Problem details
Return every line of the data below exactly, but do not include the images.

Dataset extract
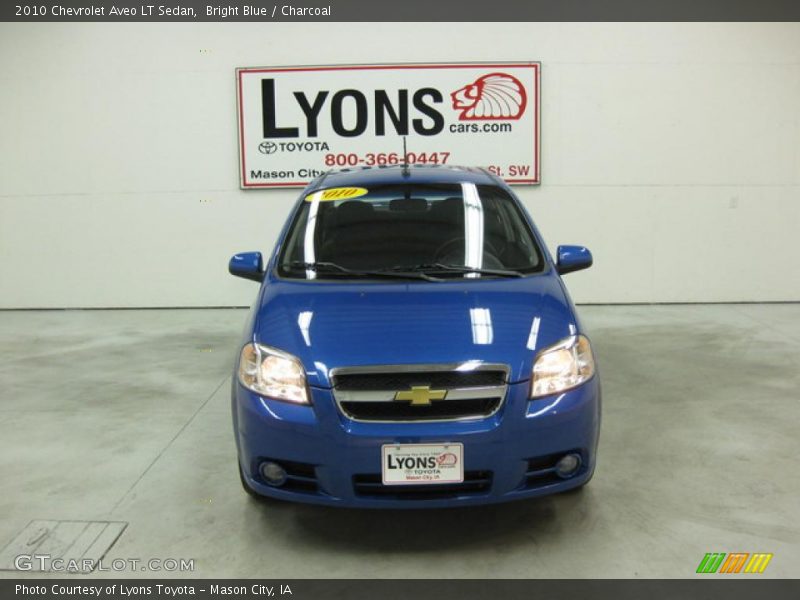 Bright Blue / Charcoal 2010 Chevrolet Aveo LT Sedan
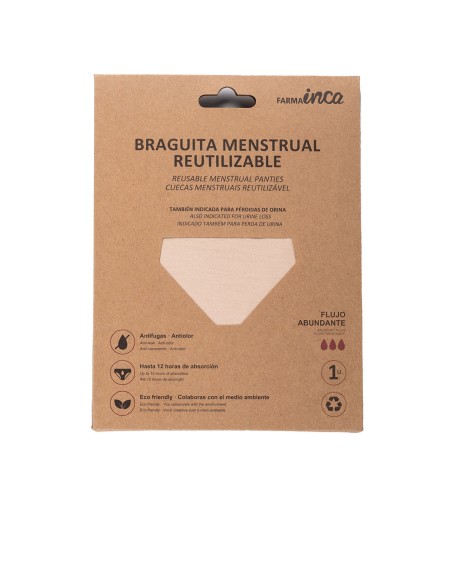 BRAGUITA MENSTRUAL absorcion super nude talla S 1 u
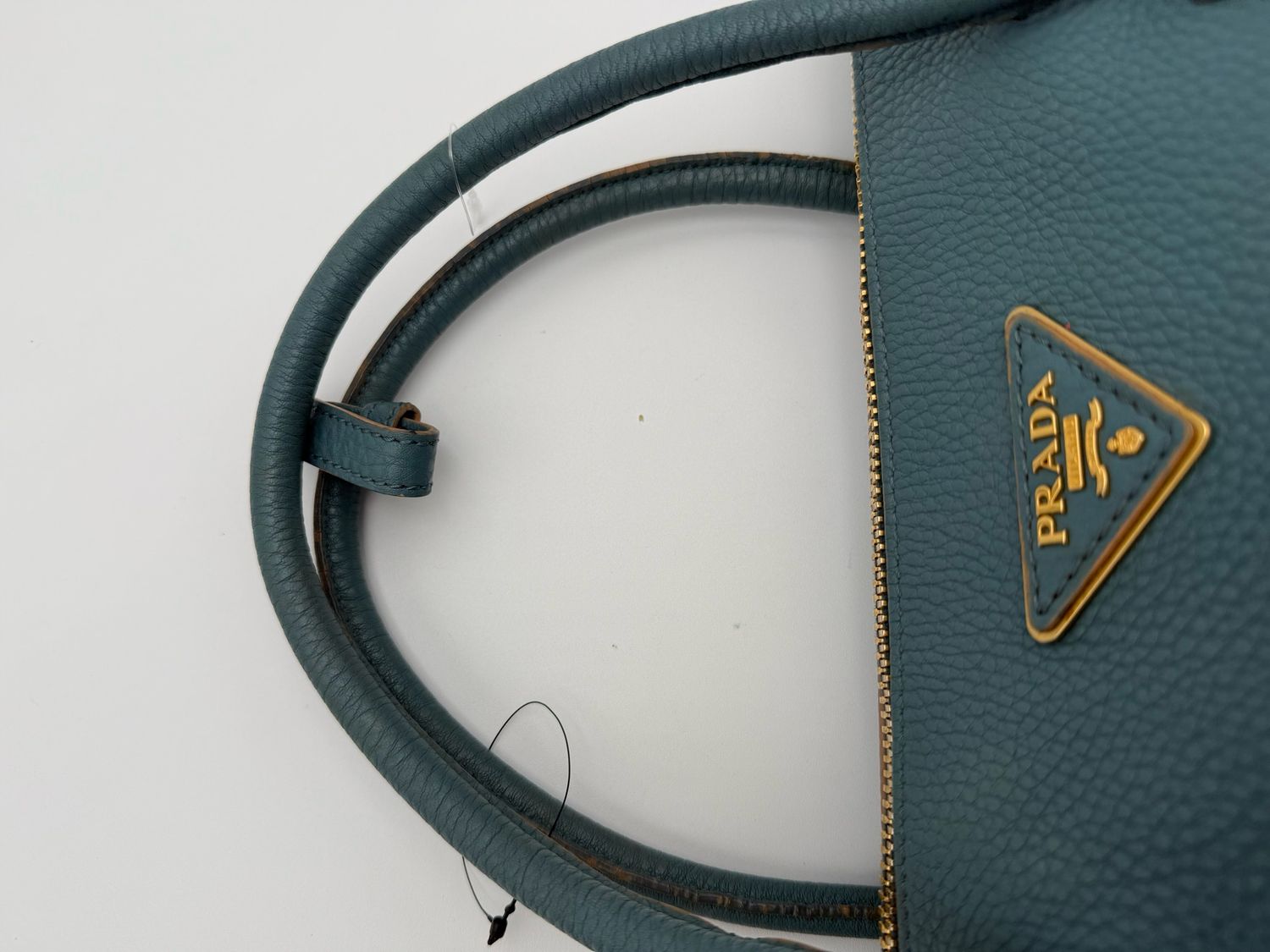 Prada Vitello Daino Grained Side Zippers Tote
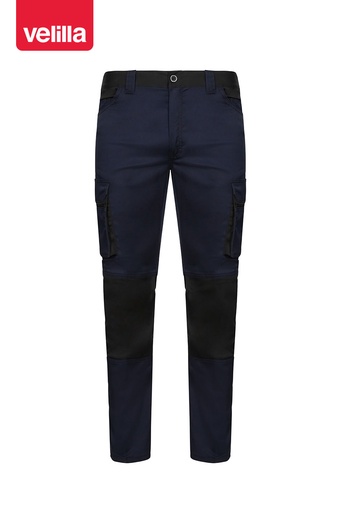 Spodnie dwukolorowe stretch 103031S - NAVY BLUE/BLACK 61/00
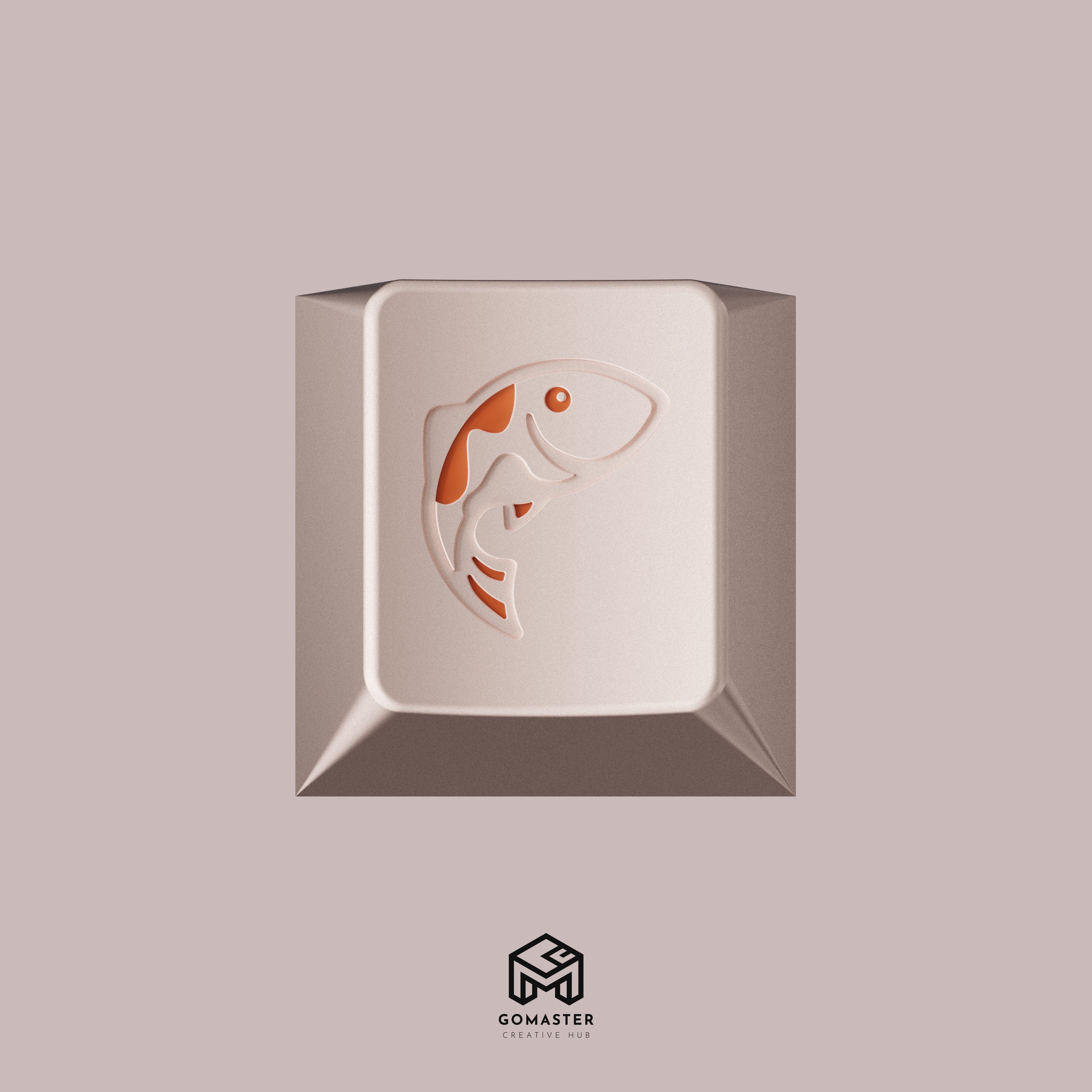 GoMaster Salmon Reborn R2 Keycaps
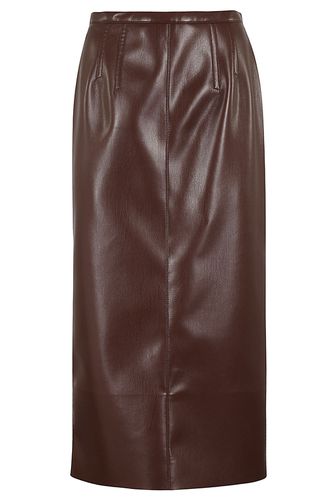 Long Leather Effect Skirt - Philosophy di Lorenzo Serafini - Modalova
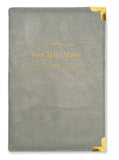 Brown Cloud Personalized Gray Suede Finish Leather Cover Notebook/Diary/Journal With Customized Message/Quote/Name/Logo For Pers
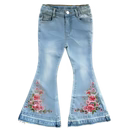 Shea Baby Floral Boot Flare Denim Jeans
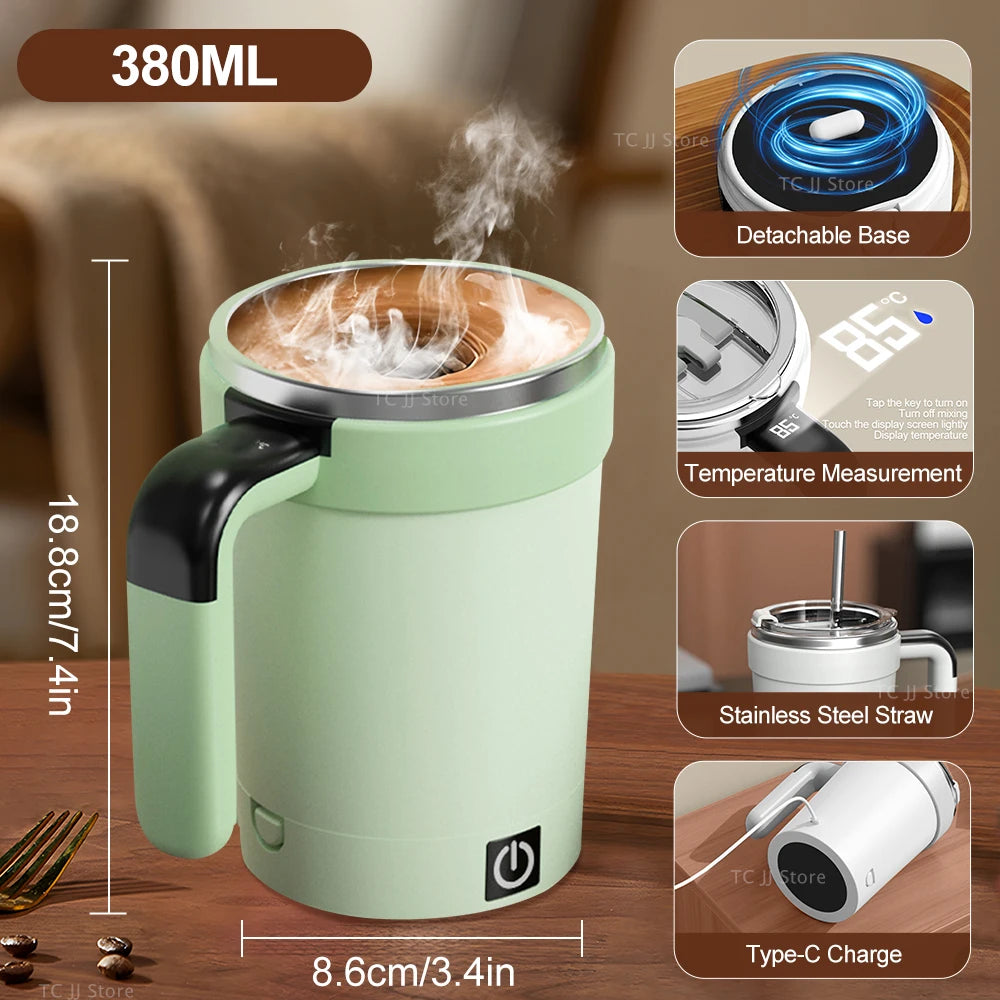 Magnetic Stirring Mug - Rechargeable Mixer Tumbler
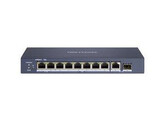 HIKVISION 8-POORTS  ONBEHEERDE GIGABIT POE-SWITCH  6 x GIGABIT POE-POORTEN  2 x GIGABIT HI-POE-POORTEN  1 x GIGABIT RJ45-POORT EN 1 x GIGABIT OPTISCHE GLASVEZELPOORT POE BUDGET 110 W.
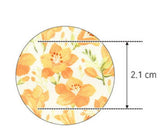 黃色花朵圖案布料,可愛,縫紉,被子韓國製造半碼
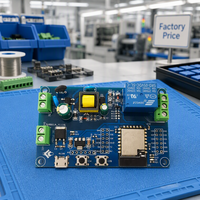 Modul Relay Satu Kanal WIFI BLE Bertenaga AC/DC Papan Pengembangan ESP32-C3/ESP-C3-12F
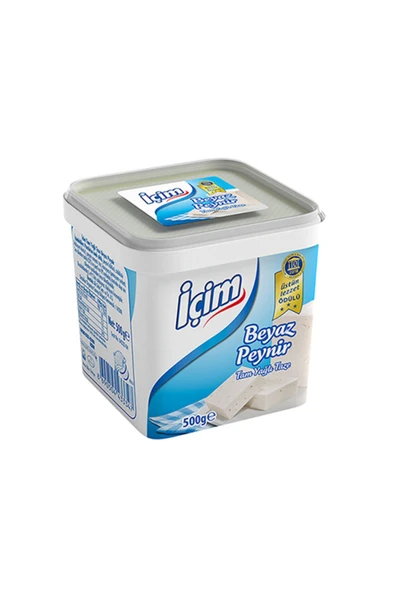 İçim Tam Yağlı Beyaz Peynir (500 g) x8 Adet ürün görseli 1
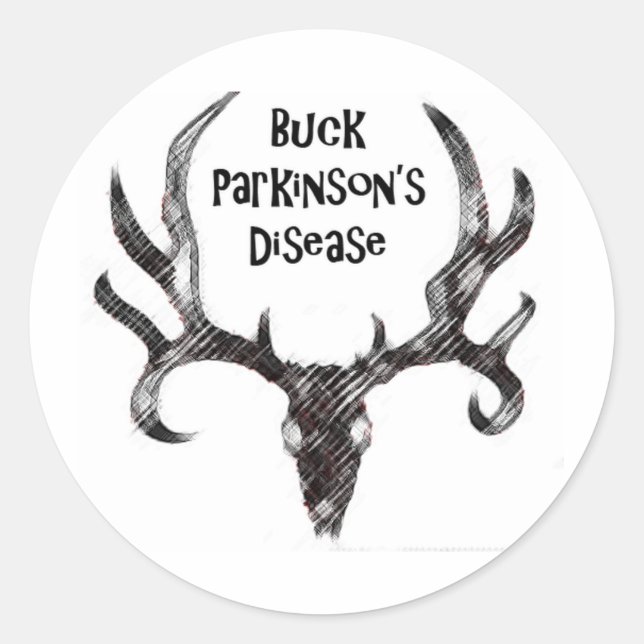 Buck Parkinson-Krankheit Runder Aufkleber (Vorderseite)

Result below
 Bright Blue / Charcoal 2010 Chevrolet Aveo LT Sedan
 BRAGUITA MENSTRUAL absorcion super nude talla S 1 u
 Prada Vitello Daino Grained Side Zippers Tote
 Spodnie dwukolorowe stretch 103031S - NAVY BLUE/BLACK 61/00
 GoMaster Salmon Reborn R2 Keycaps
 Long Leather Effect Skirt - Philosophy di Lorenzo Serafini - Modalova
 Brown Cloud Personalized Gray Suede Finish Leather Cover Notebook/Diary/Journal With Customized Message/Quote/Name/Logo For Pers
 Shea Baby Floral Boot Flare Denim Jeans
 Magnetic Stirring Mug - Rechargeable Mixer Tumbler
 HIKVISION 8-POORTS  ONBEHEERDE GIGABIT POE-SWITCH  6 x GIGABIT POE-POORTEN  2 x GIGABIT HI-POE-POORTEN  1 x GIGABIT RJ45-POORT EN 1 x GIGABIT OPTISCHE GLASVEZELPOORT POE BUDGET 110 W.
 黃色花朵圖案布料,可愛,縫紉,被子韓國製造半碼
 Modul Relay Satu Kanal WIFI BLE Bertenaga AC/DC Papan Pengembangan ESP32-C3/ESP-C3-12F
 İçim Tam Yağlı Beyaz Peynir (500 g) x8 Adet ürün görseli 1
 Buck Parkinson-Krankheit Runder Aufkleber (Vorderseite)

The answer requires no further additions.